Coming to the inferior officers and artificers, we have carpenters, smiths, goldsmiths, farriers, potters, ditchers, launders, armorers, fishermen, millers, bakers, salters, tailors, and barbers. We have mariners, moneyers, minstrels, and watchmen. Of rural occupations we have the beekeepers, ploughmen, shepherds, neatherds, goatherds, and swineherds. Here is a population in which there is a large division of labor. The freemen, tenants, villeins, slaves, are laboring and deriving sustenance from arable land, meadow, common pasture, wood, and water. The grain-growing land is, of course, carefully registered as to its extent and value, and so the meadow and pasture. An equal exactness is bestowed upon the woods. It was not that the timber was of great commercial value, in a country which possessed such insufficient means of transport; but that the acorns and beech-mast, upon which great herds of swine subsisted, were of essential importance to keep up the supply of food. We constantly find such entries as “a wood for pannage of fifty hogs.” There are woods described which will feed a hundred, two hundred, three hundred hogs; and on the Bishop of London’s demesne at Fulham a thousand hogs could fatten. The value of a tree was determined by the number of hogs that could lie under it, in the Saxon time; and in this survey of the Norman period, we find entries of useless woods, and woods without pannage, which to some extent were considered identical. In some of the woods there were patches of cultivated ground, as the entries show, where the tenant had cleared the dense undergrowth and had his corn land and his meadows. Even the fen lands were of value, for their rents were paid in eels.

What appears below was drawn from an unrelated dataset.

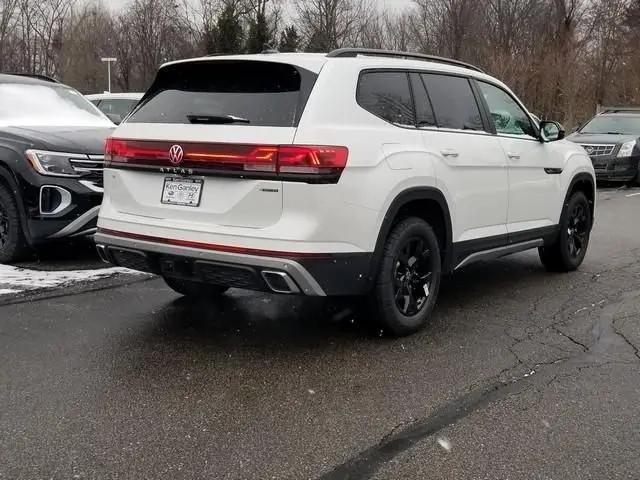 2026 Volkswagen Atlas Peak Edition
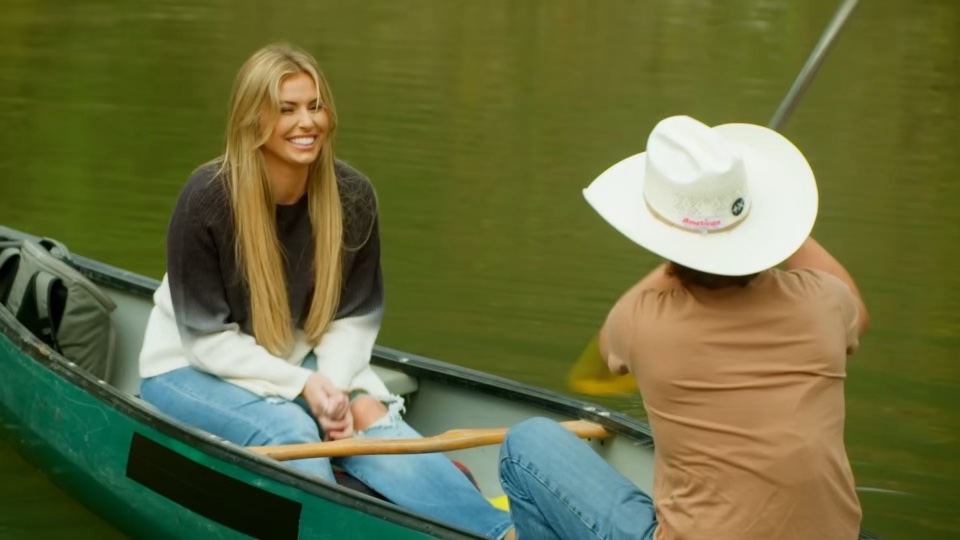 cassidy_jacks's tweet photo. Rowing our way into episode 8 of #FarmerWantsAWife 🛶  Who's Ready?! @RealityClubFOX https://t.co/rMhjUvRJh6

There is only mention of five forests in this record, Windsor, Gravelings (Wiltshire), Winburn, Whichwood, and the New Forest. Undoubtedly there were many more, but being no objects of assessment they are passed over. It would be difficult not to associate the memory of the Conqueror with the New Forest, and not to believe that his unbridled will was here the cause of great misery and devastation. Ordericus Vitalis says, speaking of the death of William’s second son, Richard: “Learn now, my reader, why the forest in which the young prince was slain received the name of the New Forest. That part of the country was extremely populous from early times, and full of well-inhabited hamlets and farms. A numerous population cultivated Hampshire with unceasing industry, so that the southern part of the district plentifully supplied Winchester with the products of the land. When William I ascended the throne of Albion, being a great lover of forests, he laid waste more than sixty parishes, compelling the inhabitants to emigrate to other places, and substituted beasts of the chase for human beings, that he might satisfy his ardor for hunting.” There is probably some exaggeration in the statement of the country being “extremely populous from early times.” This was an old woody district, called Ytene. No forest was artificially planted, as Voltaire has imagined; but the chases were opened through the ancient thickets, and hamlets and solitary cottages were demolished.